Importing data

MapIt has two main sorts of data – boundary polygon data (to show the boundaries of councils or other types of administrative areas), and postal code point data (if your country has a system of mapping strings to points in some way, such as the UK postcode or the US zip code).

Once you have installed the software, you could use its built-in admin interface at /admin/ to add types, generations, areas, and postal codes, and they would work in the front end service. For details of the different things you can add via the admin interface, see how data is stored. You can draw and edit boundaries using the admin editing function. If you have no digital boundaries or information, and this is the only way to get data into your MapIt, then this would be the way to go.

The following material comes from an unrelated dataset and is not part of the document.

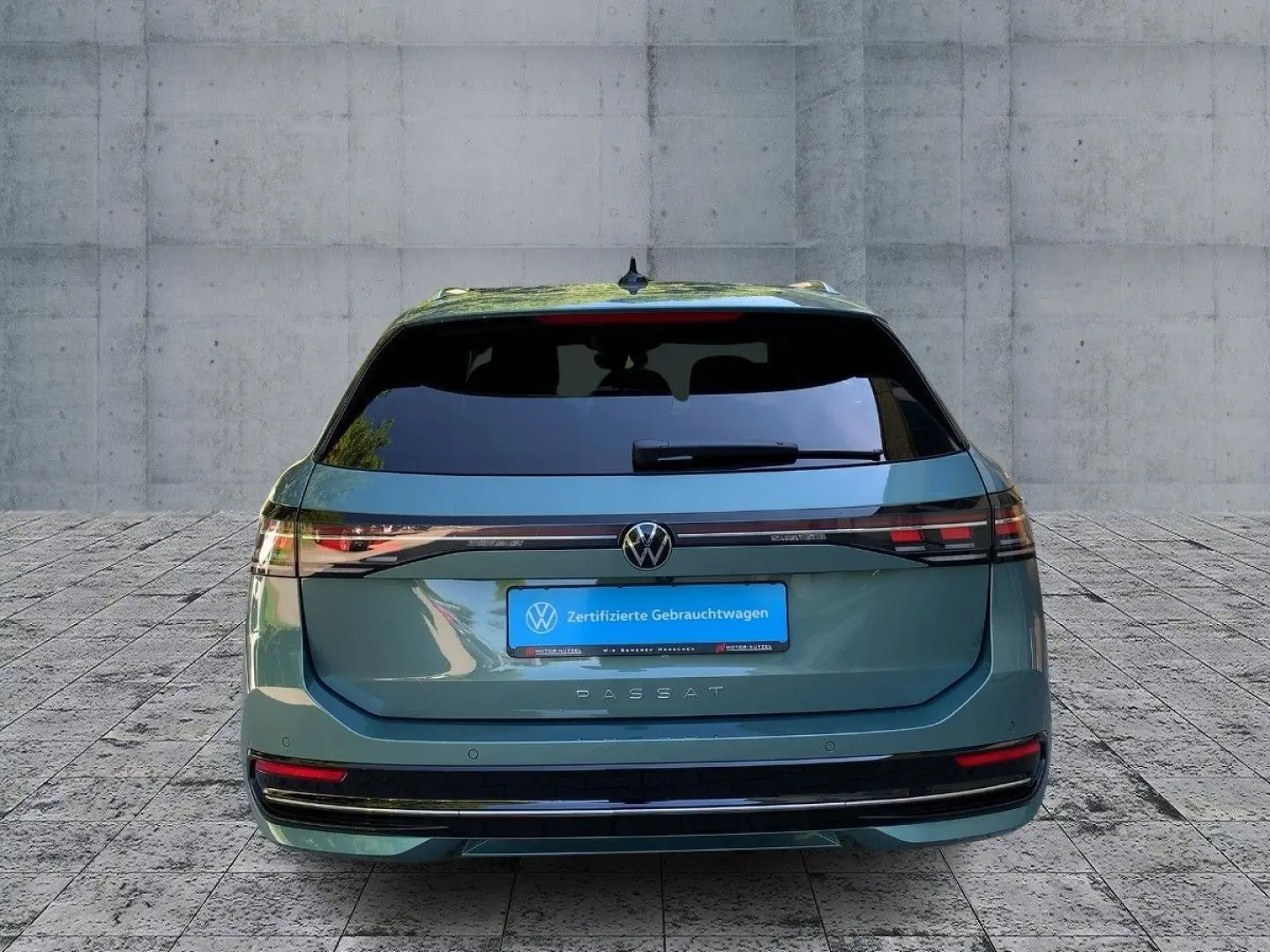Passat Variant 2.0 TDI DSG ELEGANCE 5JG+NAVI+AHK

However, if you have some bulk data you wish to import (such as KML files or Shapefiles of boundary data, or CSV files of postal codes), you will probably want to try and import this data into MapIt automatically.

If you have some KML or Shapefiles of some boundaries, you can load these into MapIt directly using our import script – see Importing boundaries for more details.

Importing CSV-based postal code data is also straightforward – see Importing postal codes for more details.

If you have other, more complicated, requirements, you might have to adapt or write your own importer in Python – you can see the current import scripts in the mapit/management/commands/ directory for how they work.

Note: If you get the error django.db.utils.DatabaseError: invalid byte sequence for encoding "UTF8": 0x00 at some point, you are probably being bitten by this bug - the solution is to add standard_conforming_strings = off to your postgresql.conf file, or to apply the patch in that ticket.